Even if you’re in a full squad, the smallest bugs pose a real threat, whether it’s killing you themselves or overwhelming you until their bigger, scarier cousins catch up. Thankfully, bugs aren’t immune to specific limb-related injuries either; you can also shoot their legs, tails, claws, and other parts off in a gory spray that can render them alive but harmless — though still extremely gross. This little gameplay and gore nuance, combined with the ammo limitations, mean accuracy is paramount, and every little encounter feels like life or death. All of this makes for an infectiously fun gameplay loop.

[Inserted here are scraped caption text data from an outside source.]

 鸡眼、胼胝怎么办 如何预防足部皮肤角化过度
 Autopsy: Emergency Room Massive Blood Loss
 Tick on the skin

Every second of combat is also fueled by the tension of balancing your cooldowns on the razor’s edge. Using the big guns, like orbital strikes and bombing runs, feels perfect for conserving your ammunition and grenades, but those can easily run dry before the artillery cooldowns are back. On top of their cooldowns, the heavy artillery or support of the Stratagems have to be activated using a wrist-mounted computer that requires fighting game-like button combinations to call down anything from extra ammo to a nuclear warhead. Every firefight feels like a war between trying to eradicate every enemy on the screen and just taking off and running for your life, in a way that’s somehow both extremely nerve-wracking and absolutely hilarious.

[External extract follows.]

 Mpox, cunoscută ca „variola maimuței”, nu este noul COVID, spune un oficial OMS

That inherent comedy is a huge piece of Helldivers 2’s success. Along with the ridiculous barks, like a spray of bullets followed by a “taste democracy” scream, Helldivers 2 also employs gaming’s most eternal comedy gimmick: ragdoll physics. Sometimes a Charger (the aptly named bug that charges at you) will blast you 100 feet to safety completely on accident, or maybe your squadmate misplaced a grenade and you see their newly limbless body whip across the screen at the speed of sound. And, occasionally, the best choice for democracy is to airstrike yourself and launch both your enemies and your own body halfway across the map, and just hope your teammate can revive you soon — and if you’re smart, you might be able to use your revive for kills too, landing your launch pod on an enemy. Every single one of these options is ridiculous. and a perfect and hysterical way to counter Helldivers 2’s otherwise tense moment-to-moment action.

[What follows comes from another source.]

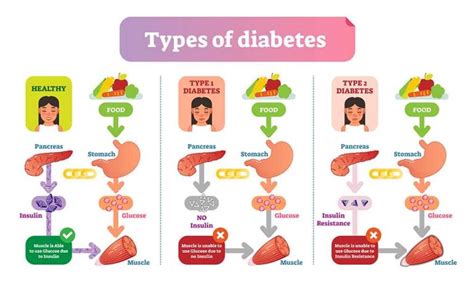 Diabetes Mellitus Definition Quick Facts Symptoms And Types Page 4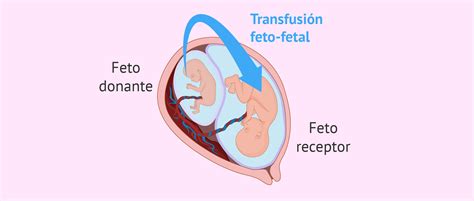 Sindrome De Transfus O Feto Fetal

Helldivers 2 is, unmistakably, a Starship Troopers homage, (one that might get away with its blatantness by way of being produced by Sony, the same company that owns the rights to the movie), but it’s also so much more than that. Its tight gameplay loop, excellent combat, and clever squad dynamics also make it one of the best and most fun tactical co-op shooters in years. And that’s good news for democracy.